Federation Broadcast Director Kevin Worthington and Lowndes Country Farmers Federation President Dan Rhyne discuss the "Farmer At Work" safety campaign with WSFA-12 Alabama Live! host Kim Hendrix.
MONTGOMERY, Ala. -- Dan Rhyne, who has had his share of close calls with traffic while driving a farm tractor on a busy U.S. 80, took the Alabama Farmers Federation's "Farmer At Work" safety campaign to television today as he appeared on WSFA-12's Alabama Live! program.
Rhyne, president of the Lowndes County Farmers Federation whose passion for farmers' safety was the force behind the "Farmer At Work" campaign, appeared on the program along with Federation Broadcast Director Kevin Worthington to help raise awareness of the dangers farmers face while driving tractors and moving farm equipment on Alabama highways.
Rhyne told Alabama Live! host Kim Hendrix that highway safety is a "two-fold thing: There are two people out on the highway ---- the public and the farmer."
"We want to do our part," Rhyne said. "We don't get out right before dark or too early in the morning or foggy or thunderstorms.
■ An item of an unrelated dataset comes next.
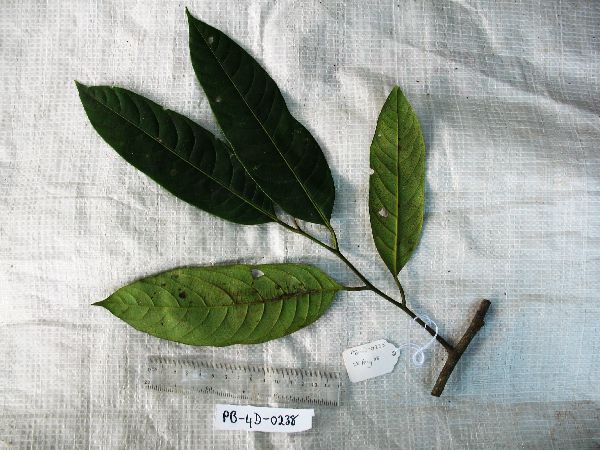 Myristica fatua image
We get off the road. We try to travel on less busy days, and we try to be courteous on the highway. We know we're holding up traffic, and we try to pull off the road and let people by. So, we try to do all we can do."
"Farming is a dangerous occupation to begin with, but probably the most dangerous thing we do now is carry our equipment up and down the highway," Rhyne added. "We're simply going from field to field and trying to get to our job."
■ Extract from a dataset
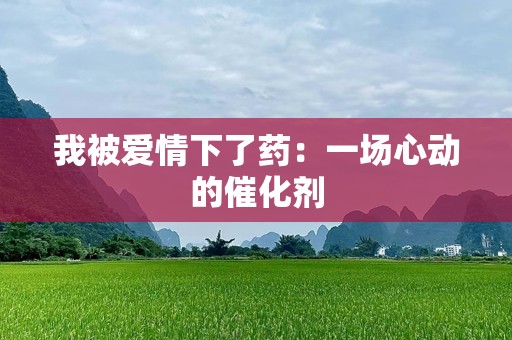 我被爱情下了药：一场心动的催化剂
Worthington discussed the four "Farmer At Work" public safety announcements that have been produced in cooperation with the Alabama Department of Public Safety and Alabama Department of Transportation.
Two videos, one featuring Rhyne and another featuring Blount County farmer Allen Jones, were aired during the program. The show featuring those videos can be seen on the WSFA12 Web site at www.wsfa.com. A third video, featuring Martin Anderson whose brother David was killed in a 2007 highway accident, has been posted to YouTube.com and can be viewed below.
Rhyne, who has spearheaded the Lowndes County Farmers Federation's effort to distribute Slow-Moving Vehicle signs to farmers in the area, talked about the importance of the SMV emblem. The sign is required to be on the back of all farm tractors or machinery that is incapable of moving any faster than 25 mph.
Hendrix noted that many motorists are likely unaware that farmers and farm vehicles "have every right to be on the roadway, even if they can't move fast."
She also noted how the campaign was "personal" for Rhyne, who farms on both sides of a busy four-lane highway with his brother Hoffman and son Daniel. "My son's on the road right now driving a piece of equipment," said Rhyne. "I just hope everything's all right."